Comparing the three best models in respect to the accuracy on the test data.

In [87]:
[KNN_.best_estimator_.score(X_test, y_test),
 DT_.best_estimator_.score(X_test, y_test),
 RndF_.best_estimator_.score(X_test, y_test)]

[0.9178082191780822, 0.9315068493150684, 0.9452054794520548]

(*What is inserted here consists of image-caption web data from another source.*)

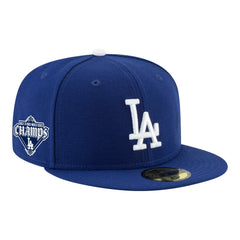 Los Angeles Dodgers Back-to-Back Champions Diamond Side Patch 59FIFTY Fitted Hat - Royal | New Era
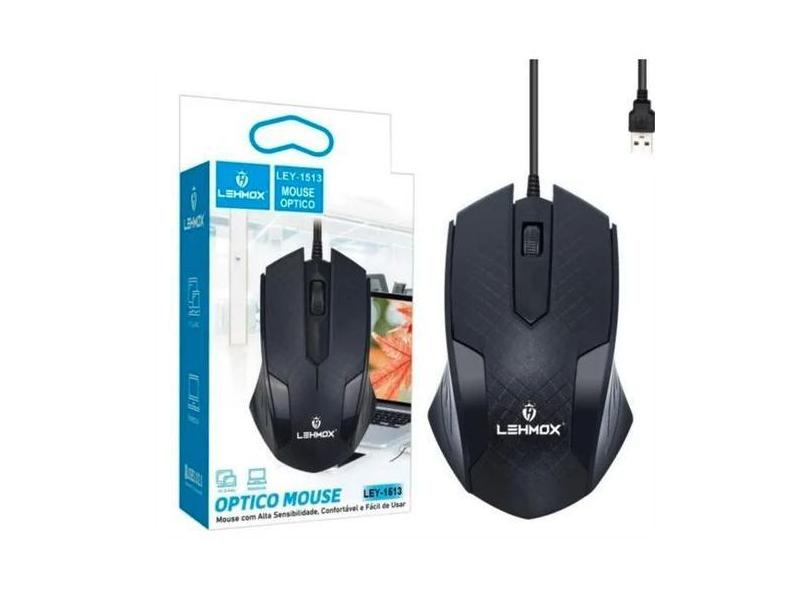 Mouse Óptico Lehmox Com Fio Usb 3 Botões ley 1513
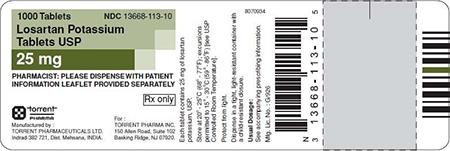 Green/White Label, Losartan potassium tablets, 25 mg, 1000 count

and comparing the ROC curves

In [88]:
y_probs = [model.predict_proba(X_test)[:, 1] for model in [KNN_, DT_, RndF_]]

In [89]:
fpr, tpr, thresholds = [roc_curve(y_test, y_prob) for y_prob in y_probs]
roc_auc = [roc_auc_score(y_test, y_prob) for y_prob in y_probs]

In [90]:
def roc_auc_df(model):
  y_prob = model.predict_proba(X_test)[:, 1]
  fpr, tpr, thresholds = roc_curve(y_test, y_prob)
  roc_auc = roc_auc_score(y_test, y_prob)
  roc_data = pd.DataFrame({
      'False Positive Rate': fpr,
      'True Positive Rate': tpr,
      'Model': str(model).split('(')[0] + 'AUC:' +str(round(roc_auc,4)),
  })
  return roc_data

df = pd.concat([roc_auc_df(model.best_estimator_) for model in [KNN_, DT_, RndF_]])

In [91]:
alt.Chart(df).mark_line(color='blue').encode(
    x=alt.X('False Positive Rate', title='False Positive Rate'),
    y=alt.Y('True Positive Rate', title='True Positive Rate'),
    color=alt.Color('Model')
).properties(
    width=400,
    height=400,
    title=f'ROC Curve'
).configure_legend(orient='right', labelLimit= 0, )

## Exporting the model
The Random Forest model has been demstrated to be the best of the three. Now I export it in pkl format to use for prediction  in an application.

In [92]:
rndf_model = RndF_.best_estimator_.fit(X,y)
joblib.dump(rndf_model, 'rndf_model.pkl')

['rndf_model.pkl']

## Conclusions  
The analysis in this notebook demonstrates the process of preparing and modeling a dataset on thyroid risk using various machine learning algorithms. The Random Forest model, which was determined to be the best performing model, was fine-tuned using GridSearchCV. The Random Forest model achieved a high AUC score, indicating strong predictive performance. The model was subsequently saved for future use in prediction applications.